We need to talk about wadders


#1

It has come to my attention that some “people” (animals, more like), instead of tearing off a couple of sheets of toilet paper and folding them, grab a huge number of sheets and wad them all up, before using them to what I can only imagine amounts to scrubbing their arse, rather than actually wiping it.

The agony uncle here claims he used TWENTY-SIX sheets of toilet paper JUST FOR HIS INITIAL WIPE! I was happy to see most of the people in the comments find this abhorrent.

Any other wadding, scrubbing freaks want to make themselves known?


#2

You plonker.


#3

I don’t use 26 but I use more than 2. Maybe 6-8.

Sometimes in the work toilets I hear people wiping and it sounds like they are wiping back-and-forth (more akin to scrubbing).
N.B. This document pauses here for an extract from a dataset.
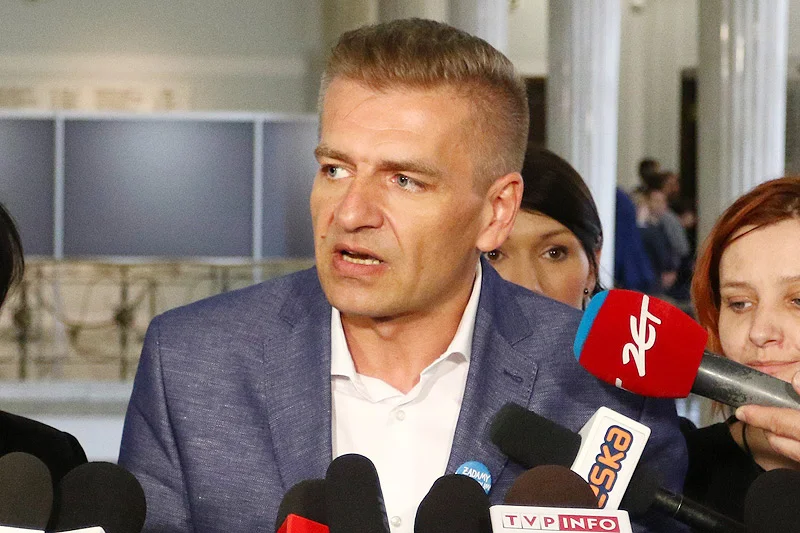 Był minister zdrowia Bartosz Arłukowicz proponuje, by PolRegio dla chorych dzieci było równie hojne, jak wobec uczestników akcji "Różaniec bez granic".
Find that pretty weird tbh


#4

Some people are afraid of their own bumhole, I reckon.


#5

Waddever next!


#6

I do three wipes of three pieces each, then a more rigorous stand-up scrub of 4-6 sheets dependend on the severity of the job.

I used to do just a couple of stand up wipes, but then i worked in a place with a full-length mirror and so started getting a bit…anal (injoke there) about it. Most supposedly grown-up people are actually missing blobs of shit or even worse smearing it all over their arse, completely obvivious to it more often than not.

The first wipe is essentially a grab, the second’s a precautionary grab/wipe, the third’s mainly concentrating on the lips of the anus, then the stand-up scrub’s just in case, generally unecessary but occasionally worthwhile.

Congratulations, you’re all now adults.


#7

Yeah, it’s the idea of scrubbing probably more than the huge volume of paper that I find disturbing. How you can have any control or finesse with a boxing glove of loo roll to deal with?


#8

Adults don’t stand up, come on now.


#9

stand up scrub?


#10

That’s not what i’ve said. Three sit-down wipes, one stand-up scrub to finish. Look, mate, if you want to go round with a shitty arse you carry on, i’m not judging…


#11

^part of his stand up routine


#12

I do a mix of standing up and sitting down, but with more of the former. Has worked fine so far.


#13

Fair enough, just don’t really understand the point of a stand-up effort if your sitting attempts were adequate. You’re cutting off access with a stand, it’s only going to be less effective.


#14

I’m not, mate, i’m bent right over the sink. It’s essentially a wipe powered by two fingers for more purchase around the anal lips. There’s no shit left.


#15

surely it all depends what you produce ? I mean a number 4 on the stool chart might be quite a clean exit. Where as if you do a 7 it’s gonna be all up your back when you wipe if you use 1 sheet.


#16

But no matter how loose and foul your stool may be, a wad of TP is no better for clean up than an accurate, folded effort.


#17

Nah. Think about it. No one’s cleaning up bum gravy with a little folded origami project. Get in there with a massive handful.


#18

You go in there with a fucking snowball of paper, you’re only going to spread that shit further around. You have zero control! Two or three sheets, folded to the size of a single sheet, is more than enough to do initial damage limitation, before you hone in with subsequent attempts.


#19


#20

More importantly, I learned recently that someone I know wipes from the back to the front. The other folk who learned this at the same time all agreed that this was deviant behaviour. Can we all agree that front to back is the correct methodology?